“Don’t be too sure of that,” Ann laughed her quiet little laugh. “Uncle Lacey doesn’t offer invitations very often, and he is not so terribly fond of me. He’s probably delighted to receive my telegram, and has already made up his mind that he has done his duty to his sister’s only daughter, and with a sigh of relief returned to his library.”
“Poor Glad!” Sally laughed, “cruel uncle refuses second invitation and Ann and Glad have to find other host for Christmas.” Both girls lived at a considerable distance from school.
“Not for Christmas,” Ann denied. “I am going home for that blessed day, and so is Glad, aren’t you honey?”
“I most certainly am,” Glad replied. “Christmas is one day when I must be with my mother, not to mention my small brothers and sisters.”
“What were you going to do that was so exciting, Prue?” Janet inquired carelessly.

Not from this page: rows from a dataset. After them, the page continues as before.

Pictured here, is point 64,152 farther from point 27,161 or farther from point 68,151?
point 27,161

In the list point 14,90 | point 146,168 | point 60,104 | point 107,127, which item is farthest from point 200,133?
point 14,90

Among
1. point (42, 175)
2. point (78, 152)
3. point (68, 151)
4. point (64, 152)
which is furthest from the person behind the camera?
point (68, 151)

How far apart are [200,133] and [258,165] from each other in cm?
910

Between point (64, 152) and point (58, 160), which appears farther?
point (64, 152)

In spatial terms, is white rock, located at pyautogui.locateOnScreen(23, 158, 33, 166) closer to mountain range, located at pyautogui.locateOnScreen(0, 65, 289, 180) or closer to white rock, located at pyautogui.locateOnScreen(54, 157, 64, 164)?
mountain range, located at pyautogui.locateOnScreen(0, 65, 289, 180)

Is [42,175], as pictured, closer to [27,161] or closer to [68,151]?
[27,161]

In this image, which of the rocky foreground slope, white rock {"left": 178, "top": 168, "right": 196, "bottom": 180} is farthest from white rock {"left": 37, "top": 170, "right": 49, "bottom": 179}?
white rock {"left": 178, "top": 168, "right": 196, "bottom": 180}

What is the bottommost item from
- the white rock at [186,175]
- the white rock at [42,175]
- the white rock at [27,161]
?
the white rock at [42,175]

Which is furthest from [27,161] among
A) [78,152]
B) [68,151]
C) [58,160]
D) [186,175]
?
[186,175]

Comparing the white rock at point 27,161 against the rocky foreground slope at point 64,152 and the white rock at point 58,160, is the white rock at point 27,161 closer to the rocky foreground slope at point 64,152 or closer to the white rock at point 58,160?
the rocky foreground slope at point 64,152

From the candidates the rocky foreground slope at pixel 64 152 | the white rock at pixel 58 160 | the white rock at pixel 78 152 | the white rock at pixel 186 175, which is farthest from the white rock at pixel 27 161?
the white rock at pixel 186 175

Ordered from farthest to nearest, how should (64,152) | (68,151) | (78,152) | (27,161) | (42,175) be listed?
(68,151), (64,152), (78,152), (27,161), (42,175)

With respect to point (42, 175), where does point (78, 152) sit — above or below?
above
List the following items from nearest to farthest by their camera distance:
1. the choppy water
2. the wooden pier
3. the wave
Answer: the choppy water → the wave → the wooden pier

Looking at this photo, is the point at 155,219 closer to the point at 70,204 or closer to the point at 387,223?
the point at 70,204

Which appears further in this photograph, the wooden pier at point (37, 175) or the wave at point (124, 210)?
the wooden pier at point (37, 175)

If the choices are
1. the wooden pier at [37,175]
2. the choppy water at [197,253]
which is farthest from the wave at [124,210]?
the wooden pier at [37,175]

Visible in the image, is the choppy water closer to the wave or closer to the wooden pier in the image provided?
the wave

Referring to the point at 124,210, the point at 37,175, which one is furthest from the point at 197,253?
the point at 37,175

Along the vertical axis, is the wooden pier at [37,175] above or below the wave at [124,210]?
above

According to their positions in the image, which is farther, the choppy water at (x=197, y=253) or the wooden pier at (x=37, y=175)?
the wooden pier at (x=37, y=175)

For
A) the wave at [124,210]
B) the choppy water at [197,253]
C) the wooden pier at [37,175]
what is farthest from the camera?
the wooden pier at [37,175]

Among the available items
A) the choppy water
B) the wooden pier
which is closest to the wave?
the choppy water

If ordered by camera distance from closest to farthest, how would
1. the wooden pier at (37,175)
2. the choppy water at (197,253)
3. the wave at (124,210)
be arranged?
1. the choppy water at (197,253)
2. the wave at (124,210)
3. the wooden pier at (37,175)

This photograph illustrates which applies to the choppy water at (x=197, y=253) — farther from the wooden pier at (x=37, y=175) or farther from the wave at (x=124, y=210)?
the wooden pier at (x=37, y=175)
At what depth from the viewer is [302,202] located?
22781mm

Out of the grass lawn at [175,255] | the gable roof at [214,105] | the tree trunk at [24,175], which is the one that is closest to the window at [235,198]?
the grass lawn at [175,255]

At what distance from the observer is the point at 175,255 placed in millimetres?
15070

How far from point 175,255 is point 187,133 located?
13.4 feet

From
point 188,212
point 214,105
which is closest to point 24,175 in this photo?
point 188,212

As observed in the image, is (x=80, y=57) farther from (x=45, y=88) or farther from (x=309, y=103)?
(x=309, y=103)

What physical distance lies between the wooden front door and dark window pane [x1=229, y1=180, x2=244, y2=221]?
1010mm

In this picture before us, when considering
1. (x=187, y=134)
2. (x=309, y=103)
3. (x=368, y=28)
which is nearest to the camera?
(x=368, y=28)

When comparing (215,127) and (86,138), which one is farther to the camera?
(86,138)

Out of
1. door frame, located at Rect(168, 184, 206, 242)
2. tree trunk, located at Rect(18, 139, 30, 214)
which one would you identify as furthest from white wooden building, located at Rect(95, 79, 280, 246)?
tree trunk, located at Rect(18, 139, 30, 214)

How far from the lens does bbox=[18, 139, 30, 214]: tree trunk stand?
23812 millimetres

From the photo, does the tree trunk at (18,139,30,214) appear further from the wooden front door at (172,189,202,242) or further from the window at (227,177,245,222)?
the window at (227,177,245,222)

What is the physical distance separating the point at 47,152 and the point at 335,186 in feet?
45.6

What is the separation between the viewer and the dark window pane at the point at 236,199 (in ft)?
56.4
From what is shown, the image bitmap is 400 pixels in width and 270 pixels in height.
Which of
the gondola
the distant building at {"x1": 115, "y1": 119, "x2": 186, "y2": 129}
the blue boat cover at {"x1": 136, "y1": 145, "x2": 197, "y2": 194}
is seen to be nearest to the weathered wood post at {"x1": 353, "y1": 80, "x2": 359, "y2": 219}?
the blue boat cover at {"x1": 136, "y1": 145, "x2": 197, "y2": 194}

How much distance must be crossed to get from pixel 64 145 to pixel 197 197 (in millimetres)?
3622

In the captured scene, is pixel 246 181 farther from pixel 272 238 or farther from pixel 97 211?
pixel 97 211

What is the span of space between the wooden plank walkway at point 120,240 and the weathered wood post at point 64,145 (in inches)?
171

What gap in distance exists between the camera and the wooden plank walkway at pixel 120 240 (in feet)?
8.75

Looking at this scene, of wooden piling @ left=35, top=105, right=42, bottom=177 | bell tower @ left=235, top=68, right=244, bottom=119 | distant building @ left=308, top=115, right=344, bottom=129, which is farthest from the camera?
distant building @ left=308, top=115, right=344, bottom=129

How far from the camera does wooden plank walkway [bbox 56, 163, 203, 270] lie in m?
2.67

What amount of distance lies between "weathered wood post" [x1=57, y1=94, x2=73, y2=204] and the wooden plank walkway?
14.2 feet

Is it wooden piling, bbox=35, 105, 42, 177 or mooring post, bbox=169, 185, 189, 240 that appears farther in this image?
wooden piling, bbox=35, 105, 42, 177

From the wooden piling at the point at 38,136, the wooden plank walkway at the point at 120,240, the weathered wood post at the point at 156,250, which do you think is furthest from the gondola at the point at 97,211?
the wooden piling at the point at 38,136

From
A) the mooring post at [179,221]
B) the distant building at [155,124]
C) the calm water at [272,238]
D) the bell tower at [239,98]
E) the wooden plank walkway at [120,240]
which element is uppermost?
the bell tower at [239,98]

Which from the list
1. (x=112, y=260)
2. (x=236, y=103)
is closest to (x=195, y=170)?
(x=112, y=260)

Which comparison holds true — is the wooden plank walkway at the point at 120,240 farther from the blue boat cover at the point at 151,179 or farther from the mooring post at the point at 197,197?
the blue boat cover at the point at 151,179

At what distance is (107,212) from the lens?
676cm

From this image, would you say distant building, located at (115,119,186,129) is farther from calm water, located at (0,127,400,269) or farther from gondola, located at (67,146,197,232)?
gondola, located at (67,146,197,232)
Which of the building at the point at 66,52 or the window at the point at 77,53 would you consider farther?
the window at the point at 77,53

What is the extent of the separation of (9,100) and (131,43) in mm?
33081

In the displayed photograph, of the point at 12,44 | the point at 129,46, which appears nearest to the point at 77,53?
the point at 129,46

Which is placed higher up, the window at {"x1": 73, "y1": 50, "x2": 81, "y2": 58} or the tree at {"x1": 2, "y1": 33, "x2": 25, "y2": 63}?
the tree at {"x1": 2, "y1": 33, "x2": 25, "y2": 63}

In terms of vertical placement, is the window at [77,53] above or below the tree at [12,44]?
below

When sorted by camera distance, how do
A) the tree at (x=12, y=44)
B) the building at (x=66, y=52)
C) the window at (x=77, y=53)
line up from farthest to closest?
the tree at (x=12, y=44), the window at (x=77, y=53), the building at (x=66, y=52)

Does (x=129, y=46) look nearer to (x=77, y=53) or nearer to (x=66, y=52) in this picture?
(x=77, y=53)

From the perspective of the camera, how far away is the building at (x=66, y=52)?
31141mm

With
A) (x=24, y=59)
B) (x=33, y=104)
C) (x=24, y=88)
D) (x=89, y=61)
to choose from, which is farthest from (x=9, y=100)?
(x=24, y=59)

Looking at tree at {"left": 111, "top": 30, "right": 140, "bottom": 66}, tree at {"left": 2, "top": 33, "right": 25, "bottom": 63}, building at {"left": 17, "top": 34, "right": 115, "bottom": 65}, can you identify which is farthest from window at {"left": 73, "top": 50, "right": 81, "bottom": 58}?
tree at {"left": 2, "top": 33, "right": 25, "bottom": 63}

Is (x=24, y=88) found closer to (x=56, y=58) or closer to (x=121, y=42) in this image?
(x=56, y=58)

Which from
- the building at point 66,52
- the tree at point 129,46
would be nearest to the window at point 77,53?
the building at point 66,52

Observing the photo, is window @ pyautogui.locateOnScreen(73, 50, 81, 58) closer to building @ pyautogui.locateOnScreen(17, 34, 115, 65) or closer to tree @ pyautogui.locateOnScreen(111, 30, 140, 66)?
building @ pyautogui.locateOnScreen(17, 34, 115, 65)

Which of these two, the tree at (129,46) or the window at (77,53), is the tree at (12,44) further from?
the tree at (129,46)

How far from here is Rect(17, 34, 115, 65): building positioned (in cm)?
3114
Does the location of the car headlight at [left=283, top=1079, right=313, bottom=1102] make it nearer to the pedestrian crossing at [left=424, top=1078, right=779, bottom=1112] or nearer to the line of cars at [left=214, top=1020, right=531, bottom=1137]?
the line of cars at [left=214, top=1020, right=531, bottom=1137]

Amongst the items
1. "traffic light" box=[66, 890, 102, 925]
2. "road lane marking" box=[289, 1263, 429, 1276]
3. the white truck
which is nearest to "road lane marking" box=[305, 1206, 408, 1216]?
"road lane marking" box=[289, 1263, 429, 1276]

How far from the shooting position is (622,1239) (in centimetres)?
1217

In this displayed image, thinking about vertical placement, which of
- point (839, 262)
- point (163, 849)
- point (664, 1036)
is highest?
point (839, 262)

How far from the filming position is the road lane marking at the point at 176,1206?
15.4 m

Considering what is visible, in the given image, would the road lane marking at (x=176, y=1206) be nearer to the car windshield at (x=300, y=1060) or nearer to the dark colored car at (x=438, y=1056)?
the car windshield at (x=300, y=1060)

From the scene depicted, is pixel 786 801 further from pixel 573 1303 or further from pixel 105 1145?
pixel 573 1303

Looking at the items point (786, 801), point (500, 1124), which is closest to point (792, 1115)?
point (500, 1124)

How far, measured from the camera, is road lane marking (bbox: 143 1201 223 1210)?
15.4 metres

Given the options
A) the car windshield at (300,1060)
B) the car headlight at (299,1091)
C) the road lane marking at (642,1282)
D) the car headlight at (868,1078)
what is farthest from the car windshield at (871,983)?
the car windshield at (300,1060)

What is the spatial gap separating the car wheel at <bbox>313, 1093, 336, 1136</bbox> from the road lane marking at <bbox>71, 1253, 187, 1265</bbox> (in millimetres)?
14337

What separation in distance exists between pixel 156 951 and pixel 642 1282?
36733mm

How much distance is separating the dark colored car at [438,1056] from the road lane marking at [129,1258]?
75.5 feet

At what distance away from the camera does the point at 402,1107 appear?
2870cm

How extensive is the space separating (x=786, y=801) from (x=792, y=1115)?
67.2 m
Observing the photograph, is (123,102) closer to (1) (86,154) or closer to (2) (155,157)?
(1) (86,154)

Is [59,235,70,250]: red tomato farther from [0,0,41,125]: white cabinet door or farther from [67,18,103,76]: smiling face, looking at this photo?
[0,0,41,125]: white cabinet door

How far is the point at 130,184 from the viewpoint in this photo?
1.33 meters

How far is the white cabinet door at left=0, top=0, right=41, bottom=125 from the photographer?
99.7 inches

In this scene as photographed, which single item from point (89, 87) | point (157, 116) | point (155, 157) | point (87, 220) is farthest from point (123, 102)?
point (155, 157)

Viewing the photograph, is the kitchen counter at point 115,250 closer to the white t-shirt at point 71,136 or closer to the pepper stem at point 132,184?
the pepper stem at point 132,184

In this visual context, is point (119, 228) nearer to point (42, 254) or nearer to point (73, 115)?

“I was going to New York,” Prue replied. “I have never been there in my whole life.” She spoke as though she were ninety. “And Daddy promised to take me this year. We were going to meet my brother John, he’s a freshman at Princeton, you know,” she added with pride. “And, oh dear, we were going to have a simply wonderful time, and now just because the Red Twins and that horrid little Ethel Rivers have the measles, I can’t go. John will be so disappointed.”
“Don’t worry about brother,” Gladys teased. “It’s my opinion that he will be quite relieved. Grown-up boys are never very crazy about their baby sisters, especially when their friends are around. You know, Prue darling, you may feel terribly grown-up, but you still wear your hair down your back, and to boys that means you are still a babe and beneath their notice.”
“That isn’t so at all, Glad,” Prue protested. “John and I have always been the best of friends and he would like to introduce me to his friends, I know he would.”
“John is in college now,” Gladys spoke with cool and perfect assurance, “and that makes all the difference in the world. I guess I ought to know, I’ve had three brothers at Yale.”
“Perhaps that accounts for it, Yale isn’t Princeton.” Prue was almost in tears but she managed to smile as she said this.